| TASK OBJECTIVE |
From the listing that follows, output everything exactly except the pictures.

| INFORMATION SUPPLIED |
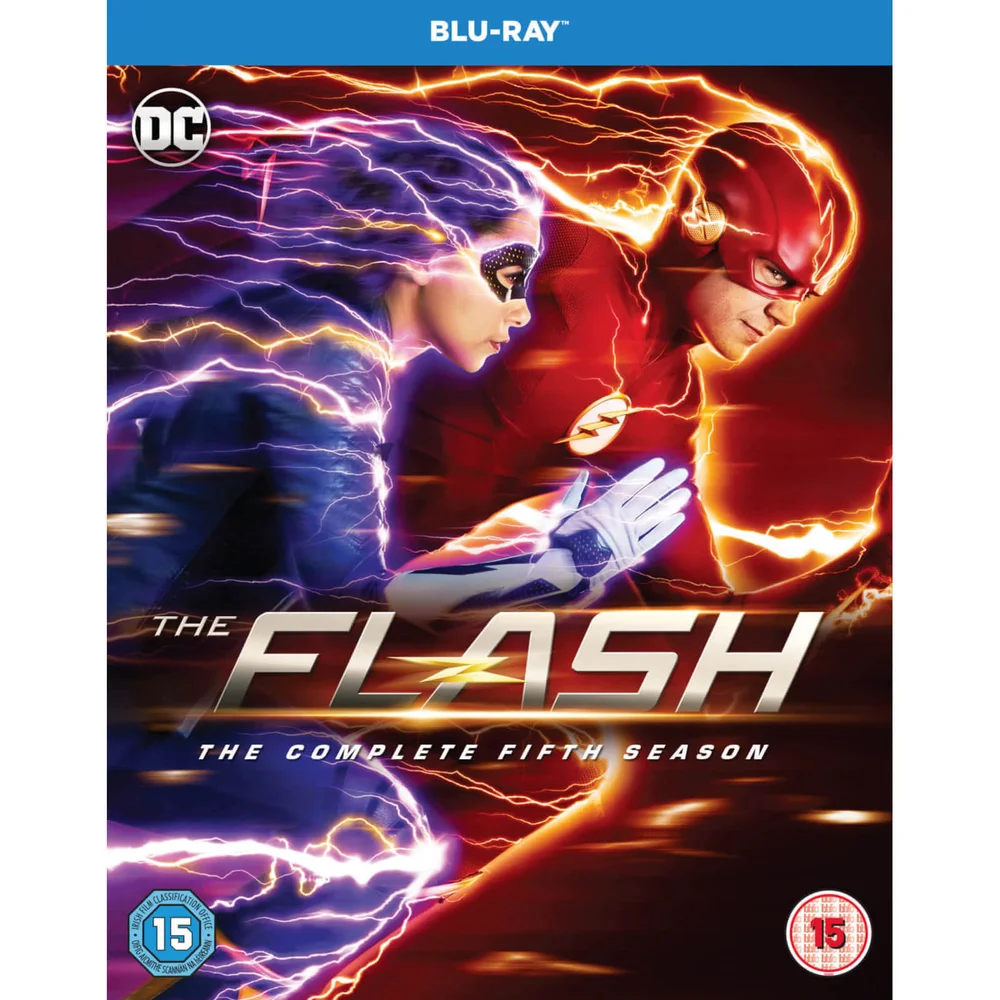 The Flash - Staffel 5 Bild 1
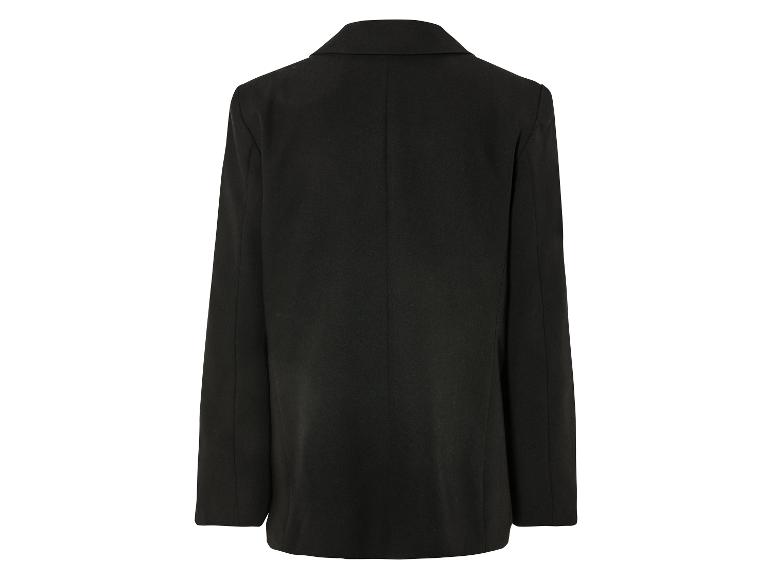 Gehe zu Vollbildansicht: esmara® Damen Blazer, mit Reverskragen - Bild 13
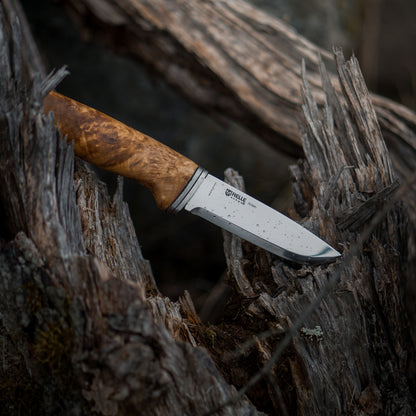 Helle Alden Outdoor Knife for Medium to Large Hands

| WRITTEN ANSWER |
 The Flash - Staffel 5 Bild 1
 Gehe zu Vollbildansicht: esmara® Damen Blazer, mit Reverskragen - Bild 13
 Helle Alden Outdoor Knife for Medium to Large Hands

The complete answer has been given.